▸ Task inputs

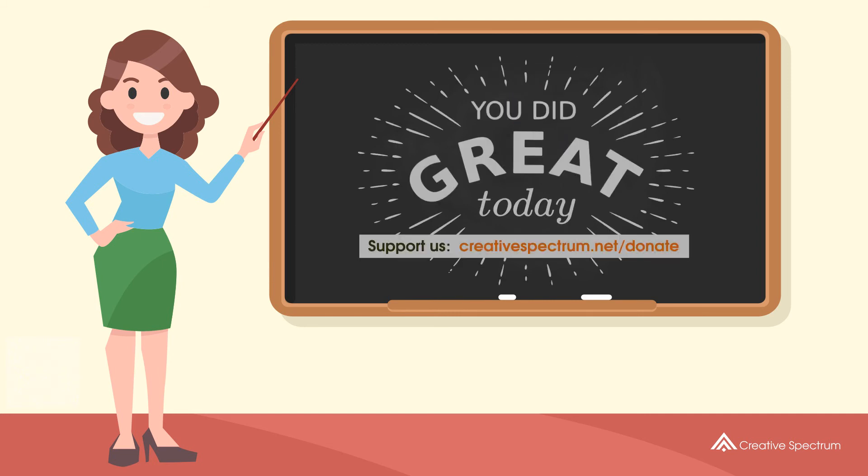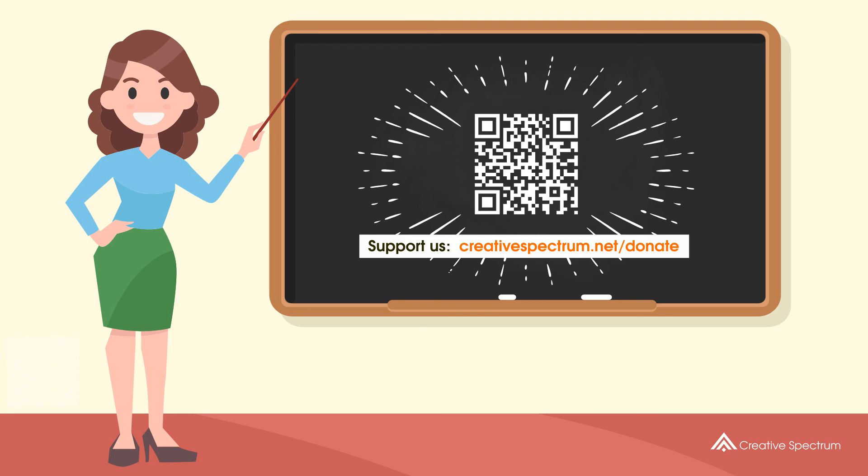Consider subscribing if you like our videos. You can also support us so that we can keep making educational content. Feel free to visit the donation link to our website.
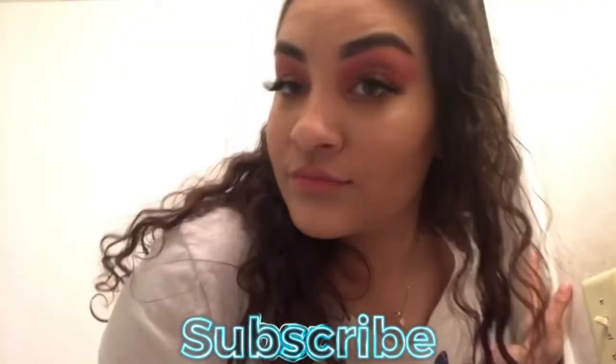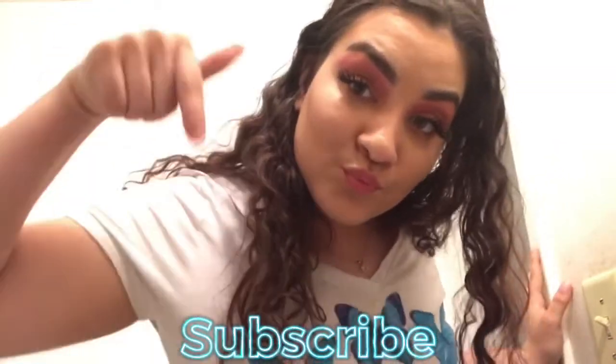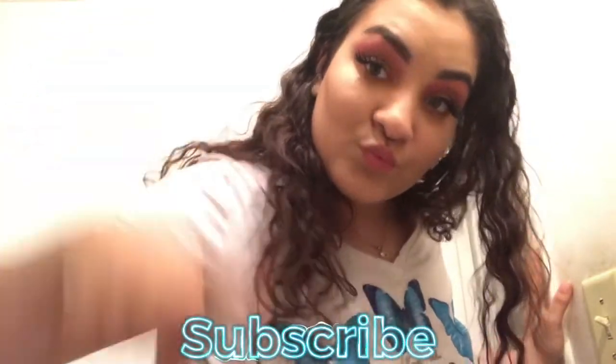Hey cuties, welcome back to my channel. Today I'm going to be doing my nightly skincare routine. I hope you guys like it and enjoy. Don't forget to subscribe — it's right there down below, so go ahead and click it.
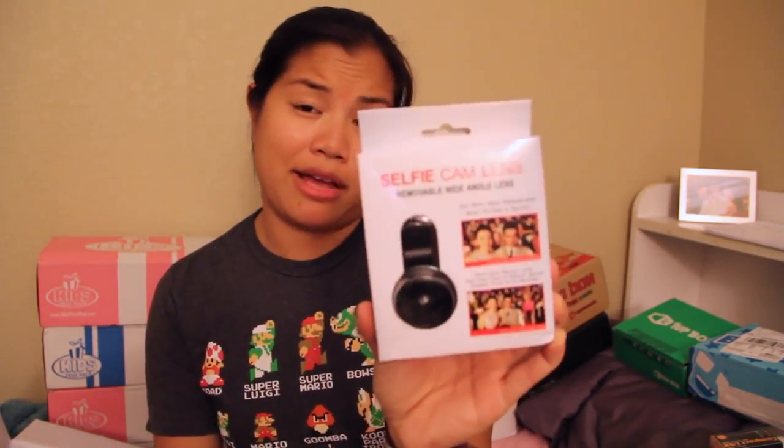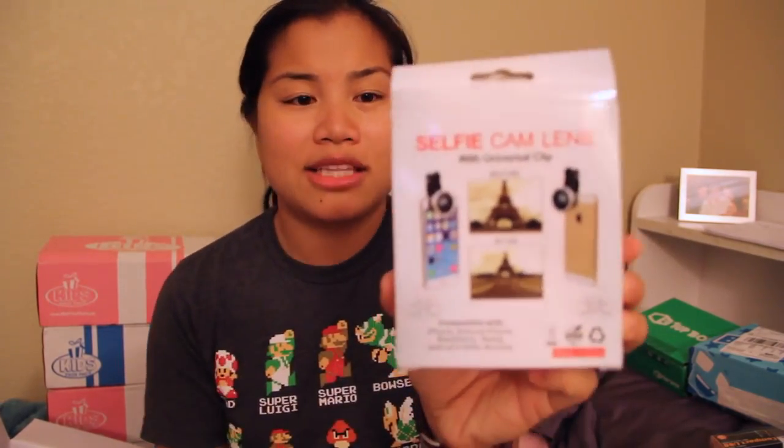The next item is a selfie camera lens. I've seen these at Best Buy and they cost like 70 bucks — I almost bought one. This looks like a knockoff version of that. Basically, what you would do is clip this lens onto your phone and it should give you a wider angle picture than what the phone normally gives you. I believe this only works if you don't have a phone case on it. Oh look, it even comes with a little lens cap cover — that's neat!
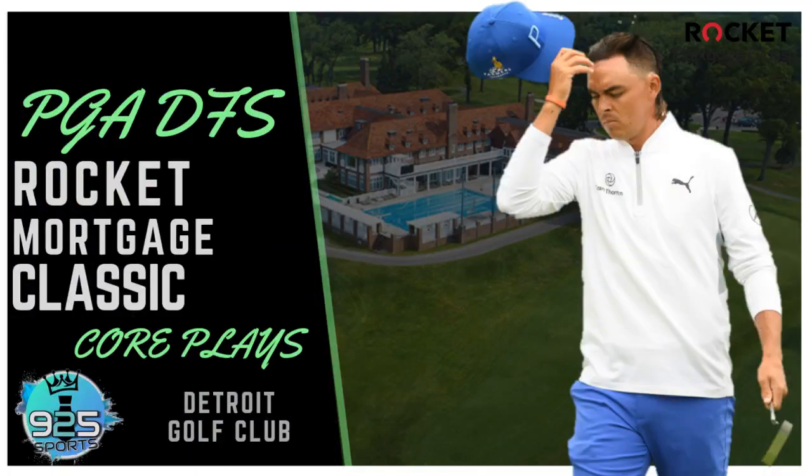Welcome back to another PGA DFS video. This week we've got the Rocket Mortgage Classic, and it's actually going to be the first time that this event has been held at Detroit Country Club — and actually the first time this event has been held at all. Today we're going to give you a breakdown of the new tournament and kind of how it's going to play out course-wise.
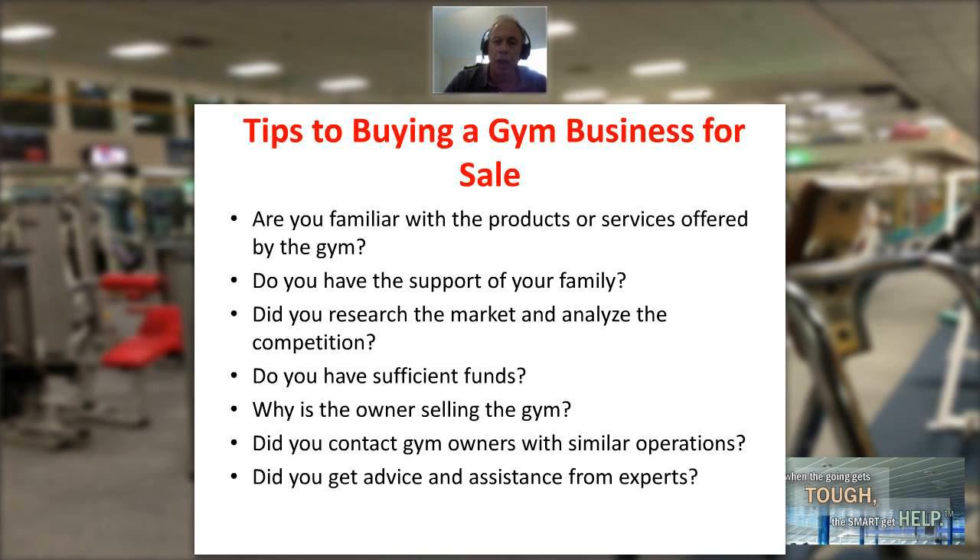Finally, are you getting advice and assistance from experts — people with a proven history and background in this industry — to help you with an evaluation and analysis, and to be that additional set of eyes looking at things perhaps more objectively? One of the things that can happen is we get blinded by optimism. These are some tips to buying a gym business. It's a great, growing industry, and if you do your research and buy it right, you get existing clientele, existing cash flow, and a real opportunity to grow. My name is Jim Thomas and this has been the Fitness Management Update.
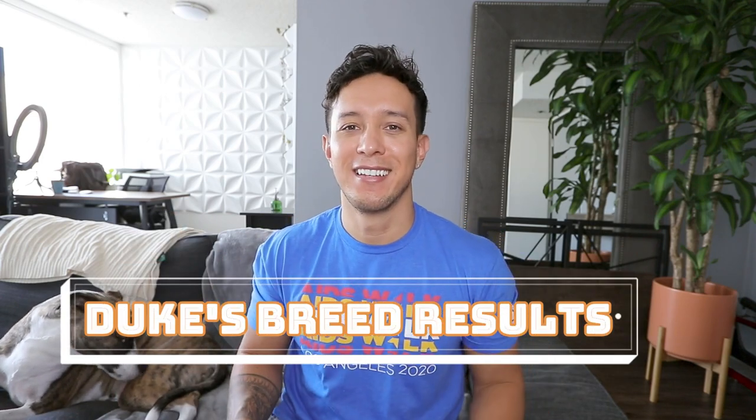I finally got the results back for Duke's ethnicity. Today's the day, guys.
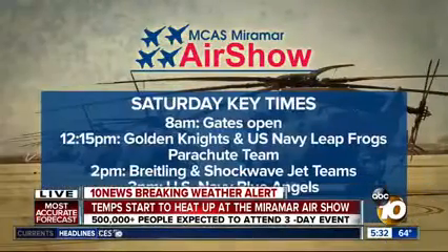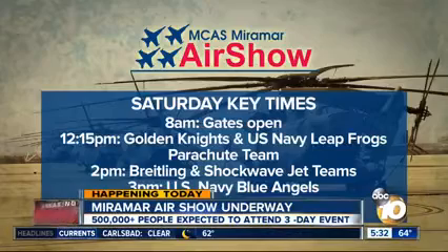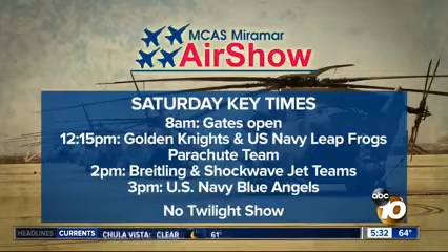Yes, Matt, enjoy the cooler temperatures while you can. And here is a look at today's schedule: the Golden Knights and Navy Leapfrogs parachute team get underway at 12:15. Then at 2, you can see the Breitling and Shockwave jet teams, and the Blue Angels take to the sky.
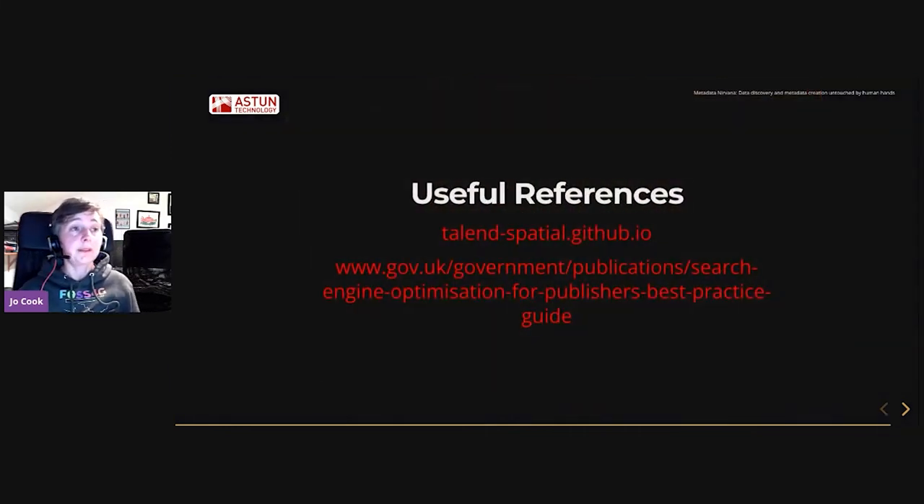Here are a couple of useful references. We've got the link to Talend Spatial, which is the starting point for Crawler — a really useful tool for doing ETL with geospatial data. We have to thank Talend an enormous amount for creating Talend Spatial and continuing to maintain it. And here's a link to the Geospatial Commission Search Engine Best Practice Guide, which has a lot of really useful information for data publishers wanting to make their metadata as easy to find and share as possible. And that's it for me.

▸ Problem details
Output only the lines running from the top of the data above to the line with "I finally got", inclusive, word for word and without pictures.

▸ The answer
Consider subscribing if you like our videos. You can also support us so that we can keep making educational content. Feel free to visit the donation link to our website.
Hey cuties, welcome back to my channel. Today I'm going to be doing my nightly skincare routine. I hope you guys like it and enjoy. Don't forget to subscribe — it's right there down below, so go ahead and click it.
The next item is a selfie camera lens. I've seen these at Best Buy and they cost like 70 bucks — I almost bought one. This looks like a knockoff version of that. Basically, what you would do is clip this lens onto your phone and it should give you a wider angle picture than what the phone normally gives you. I believe this only works if you don't have a phone case on it. Oh look, it even comes with a little lens cap cover — that's neat!
Welcome back to another PGA DFS video. This week we've got the Rocket Mortgage Classic, and it's actually going to be the first time that this event has been held at Detroit Country Club — and actually the first time this event has been held at all. Today we're going to give you a breakdown of the new tournament and kind of how it's going to play out course-wise.
Finally, are you getting advice and assistance from experts — people with a proven history and background in this industry — to help you with an evaluation and analysis, and to be that additional set of eyes looking at things perhaps more objectively? One of the things that can happen is we get blinded by optimism. These are some tips to buying a gym business. It's a great, growing industry, and if you do your research and buy it right, you get existing clientele, existing cash flow, and a real opportunity to grow. My name is Jim Thomas and this has been the Fitness Management Update.
I finally got the results back for Duke's ethnicity. Today's the day, guys.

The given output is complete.